Rides with fare amounts greater than $200 were removed. Many rows contained longitude and latitude coordinates in the ocean and not on land, these rows were removed from the training set. Because the large size of the dataset, the data had to be cleaned in chunks, after cleaning, each chunk was appended to a new csv.

Feature Engineering

I added 13 new features. Since this dataset is quite large, adding new features resulted in a rapidly growing dataset and memory usage. Ordinal and numerical features were converted to data type float32 to save memory.

Many people when traveling take trips by taxi from or to airports instead of driving. Taxis have regulated fares to and from the Newark Liberty International Airport (EWR) and John F. Kennedy International airports (JFK). For trips between EWR and New York City, the price is the regular metered fare, plus a surcharge of $17.50 and tolls. Trips between JFK and Manhattan have a flat fare of $52 plus tolls. The regular metered fare which is based on a combination of time and distance applies to all trips to and from LaGuardia International Airport (LGA). Trips to and from airports tend to be higher.

New features

distance: Distance between pickup and dropoff locations.

dropoff_jhk: Distance between dropoff location and JFK airport. pickup_jhk: Distance between pickup location and JFK airport.

dropoff_ewr: Distance between dropoff location and EWR airport. pickup_ewr: Distance between pickup location and EWR airport.

dropoff_lga: Distance between dropoff location and LGA airport. pickup_lga: Distance between pickup location and LGA airport.

year, month, day of month, hour, day of week: Year, month, day of month, hour of pickup date and time.

Modeling

Correlation Heatmap

The correlations between the features and the target are very low. Nonlinear models such as tree based models do better in such cases where none of the predictors are highly correlated with the target variable. I chose LightGBM for its speed and performance. LightGBM is 10–8 times faster than XGBoost. Because of lightGBM’s efficiency, training the model on 55 million rows took less than 3 hours. I used the pickle library to save my model as binary file for convenience.

In order to load all the data into memory, train and build a model, I used paperspace, an affordable high-performance cloud computing and ML development platform for building, training and deploying machine learning models.

Feature Importance (LightGBM)

Distance is the most important feature. The most important features are highly related and not independent: distance is derived from pickup latitude, dropoff latitude, pickup longitude and dropoff longitude. Since most taxis operate in Manhattan, most trips to and from airports are going to be between an airport and Manhattan. Passenger count, the day of week, month and year are as important for predicting fare amount.

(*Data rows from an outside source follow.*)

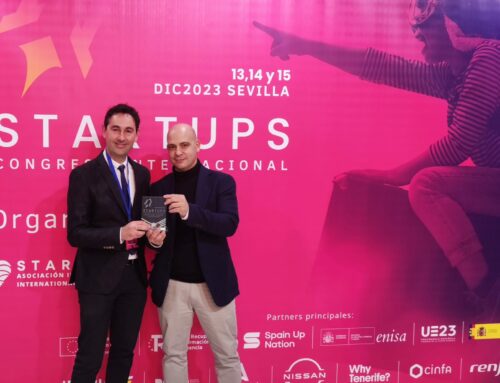 Miranda de Ebro, ganadora del premio a municipio innovador en los premios internacionales de innovación y emprendimiento
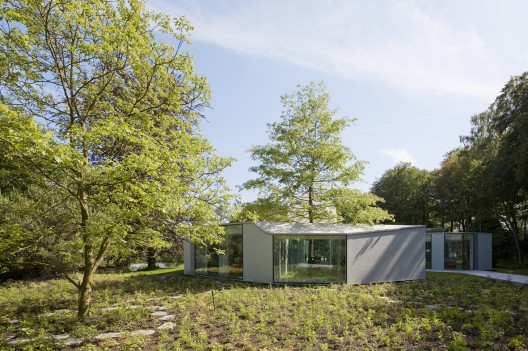 Villa 4.0 / Dick van Gameren architecten (19)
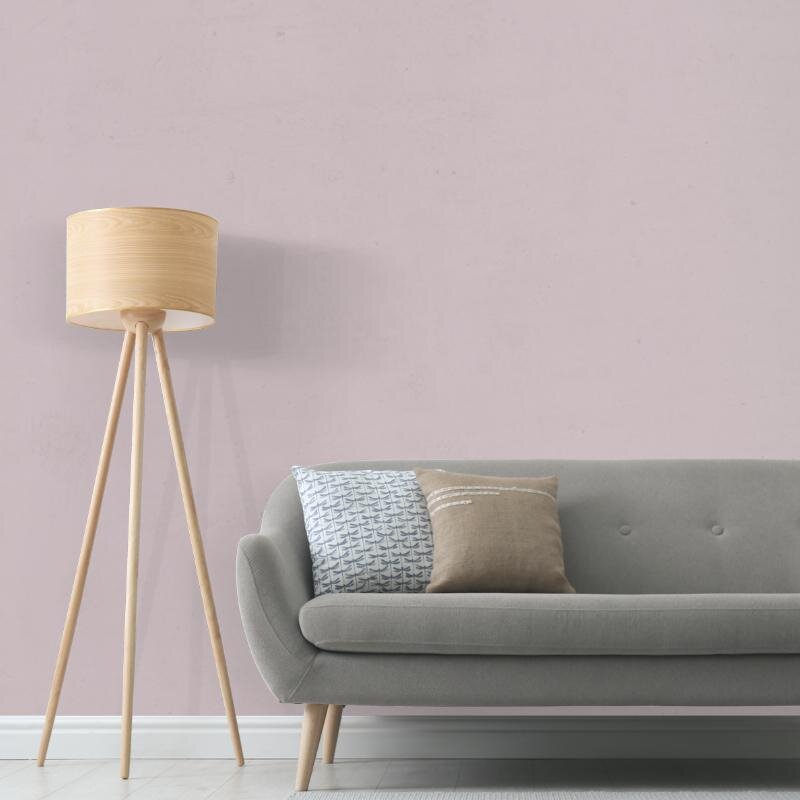 Wandfarbe Rosa Napoli 5A Wallcover Colors S 2005-R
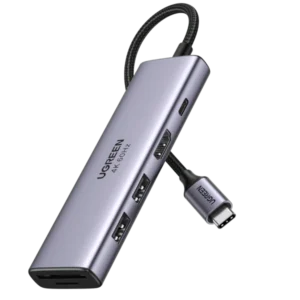 UGREEN 6 in 1 Multifunction Adapter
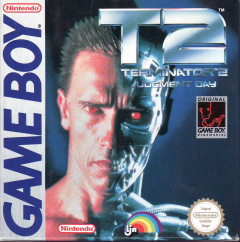 Scan of Terminator 2: Judgment Day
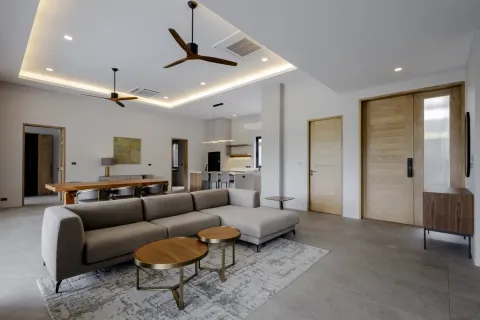 House in Bang Tao, Thailand 3 bedrooms № 153886 - photo 3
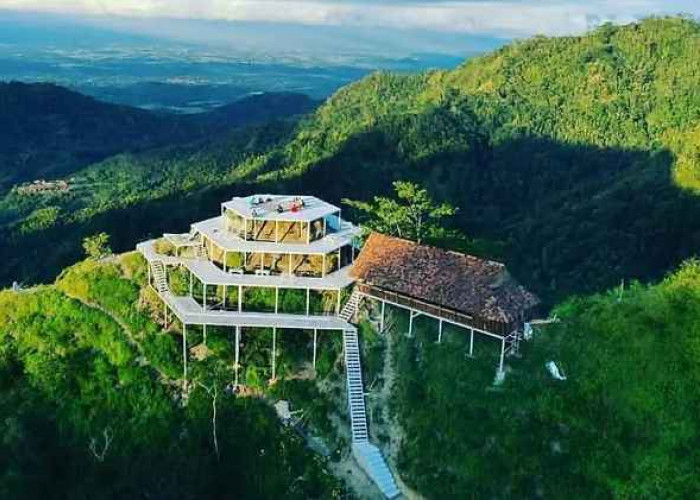 Wisata Terbaru 2024 Tumpeng Menoreh, Perpaduan Alam Dan Kuliner Yang Spektakuler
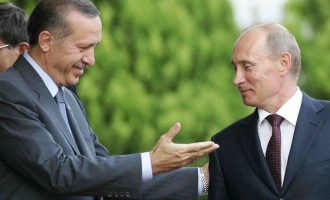 Το πιάσαμε το υπονοούμενο; Ρωσία και Τουρκία μιλούν για κοινό αγώνα κατά του ISIS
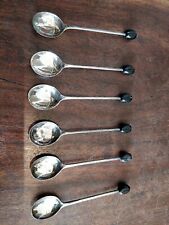 Coffee bean spoons for sale  LANCING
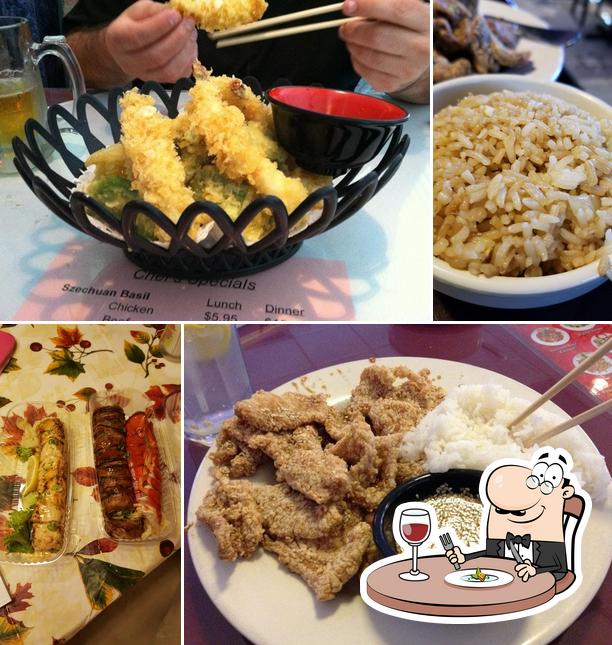 Imperial Dynasty Chinese and Japanese Cuisine, 2045 W State Rd 434 in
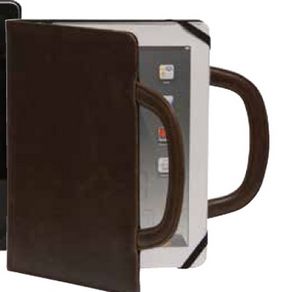 Brown Deluxe Ipad Folios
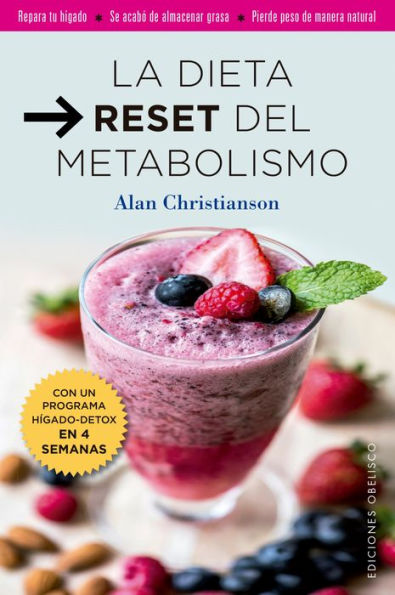 Dieta reset del metabolismo, La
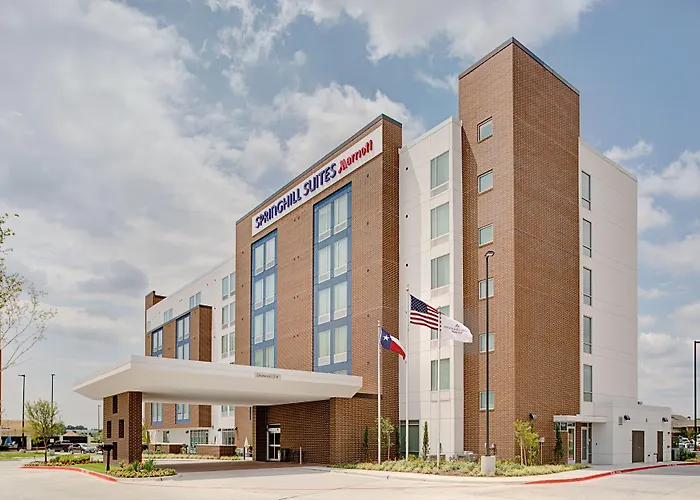 Springhill Suites By Marriott Dallas Lewisville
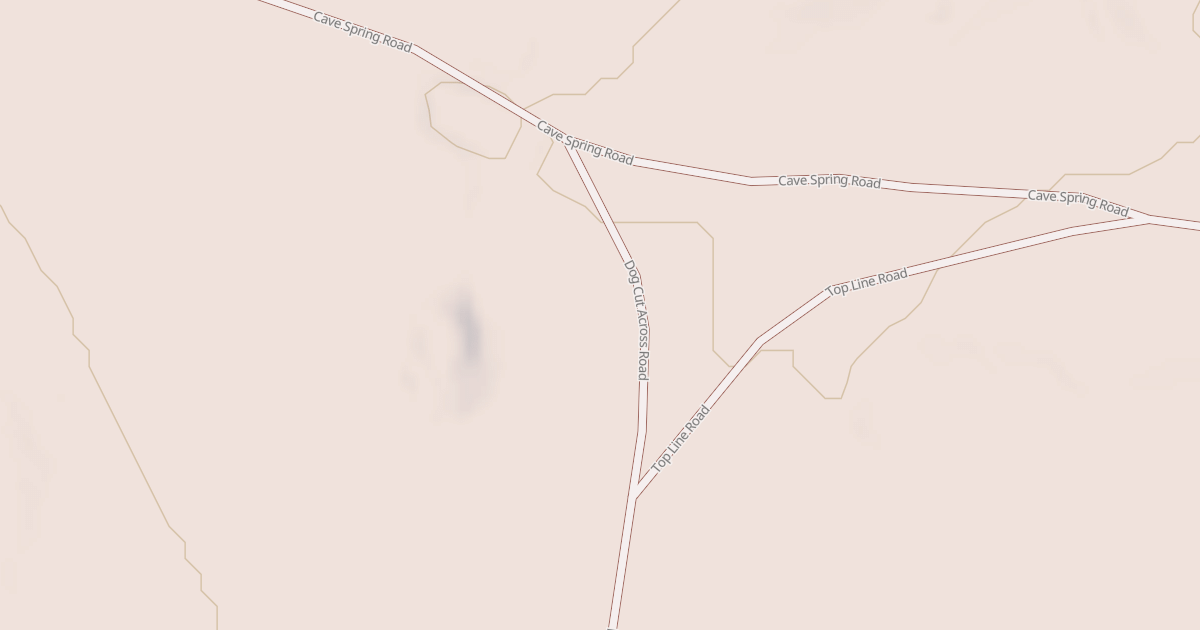 Map preview of DOG CUT ACROSS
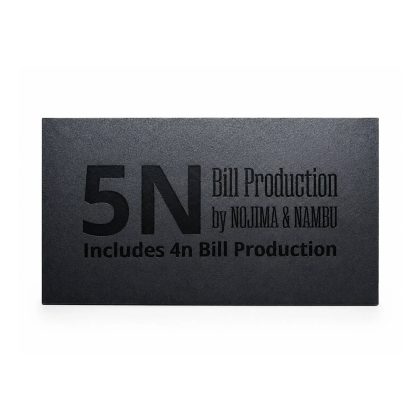 Bacon Magic 5N Bill Production by Nojima & Minami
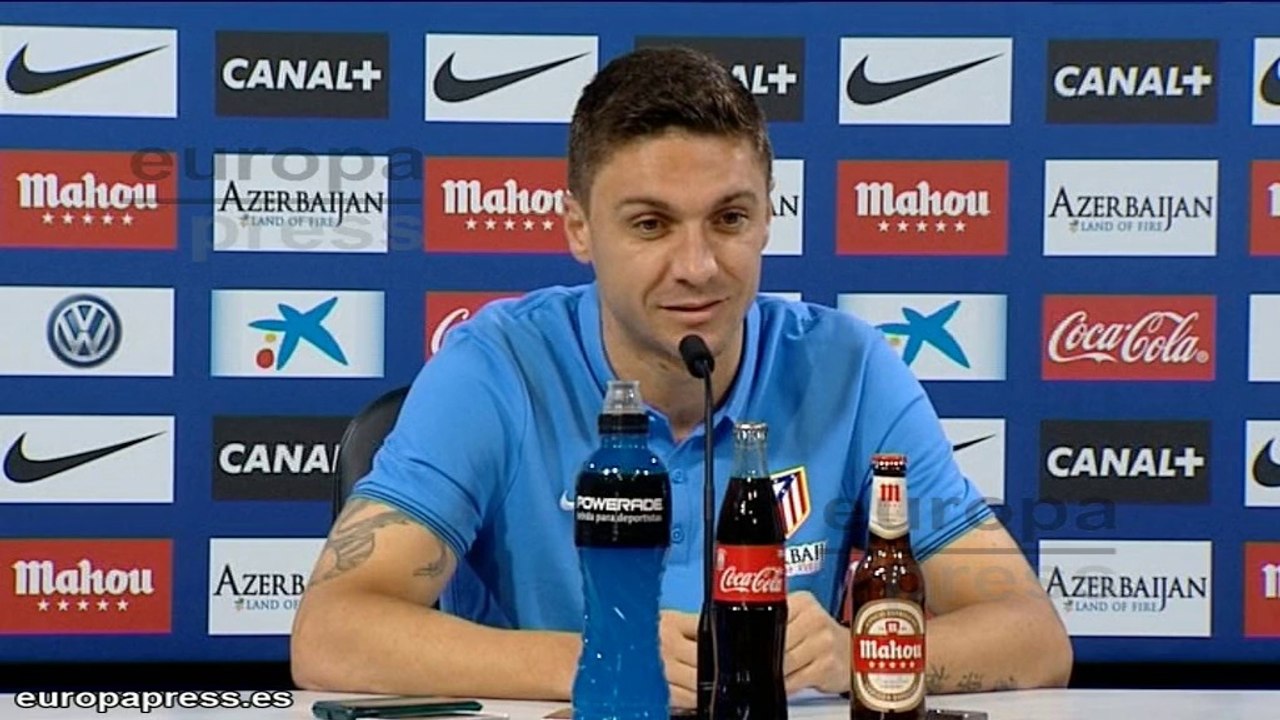 S‍iqueira:"En la pretemporada vamos mejorando"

Unfortunately, there is not enough RAM even on C7 server (30GB) to train a LightGBM model on 15GB+of data. I was able to train it on 70% of training data. I used the test set as the validation set in order to implement early stopping. The final model had a RMSE of 3.28023 on the C7 server however, the RMSE score on Kaggle was 2.88475.

Conclusions

The LightGBM model did very well. If the model had been trained with the entire training set, performance would have been even better. LightGBM did well even without Cross-Validation with parameter tuning using Grid Search which would have taken days to return the best parameters estimates.

Further Improvements

Adding a neighborhood feature and using unsupervised methods to clustering similar data points may improve accuracy.